I almost mentioned it in the talk, as an example of a language that's deployed very successfully and expresses parallelism at scale. Ultimately I didn't, as the core of what I'm talking about is control over dynamic allocation and scheduling, and that's not the strength of VHDL.

raphlinus · 2025-11-05T21:52:13 1762379533

Right. This is the binary tree version of the algorithm, and is nice and concise, very readable. What would take it to the next level for me is the version in the stack monoid paper, which chunks things up into workgroups. I haven't done benchmarks against the Pareas version (unfortunately it's not that easy), but I would expect the workgroup optimized version to be quite a bit faster.

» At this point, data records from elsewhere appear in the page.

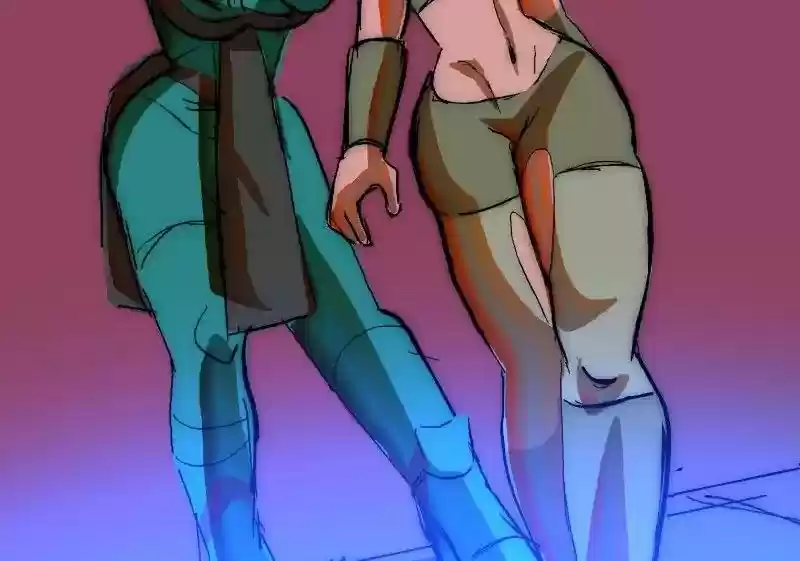 Room of Swords Chapter 74:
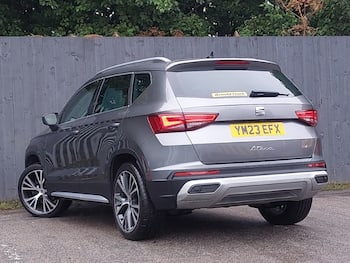 Used SEAT Ateca 2023 for sale - 79723380: Photo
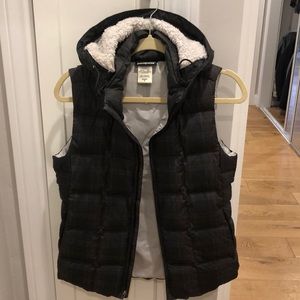 Patagonia vest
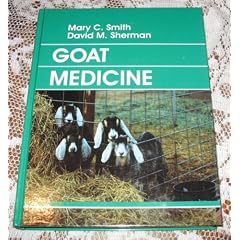 Goat Medicine
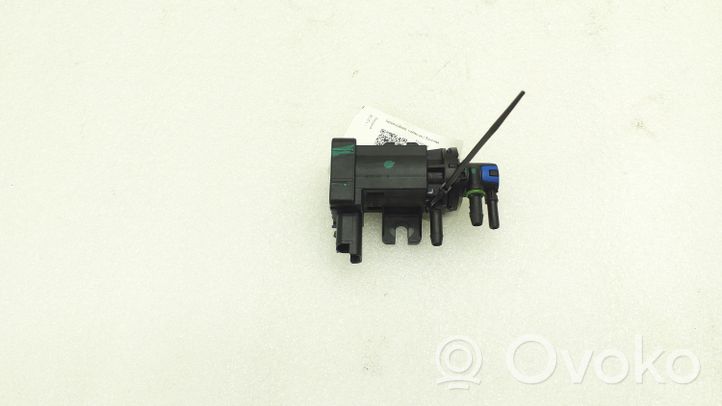 Peugeot RCZ Solenoīda vārsts 9801887680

Munksgaard · 2025-11-06T06:59:30 1762412370

To be clear, you can express workgroup parallelism in Futhark, or rather, if the compiler sees that you've programmed your problem in such a way that it can take advantage of workgroup parallelism, it will.

But you're right, it would be interesting to see how the different approaches stack up to each other. The Pareas project linked above also includes an implementation using radix sort.

convolvatron · 2025-11-05T21:57:31 1762379851

I've been playing with one using scans. too bad that's not really on the map for architectural reasons, it opens up a lot of uses.

kragen · 2025-11-06T11:51:52 1762429912

Yeah, monoid prefix sum is a surprisingly powerful tool for parallel and incremental algorithm design!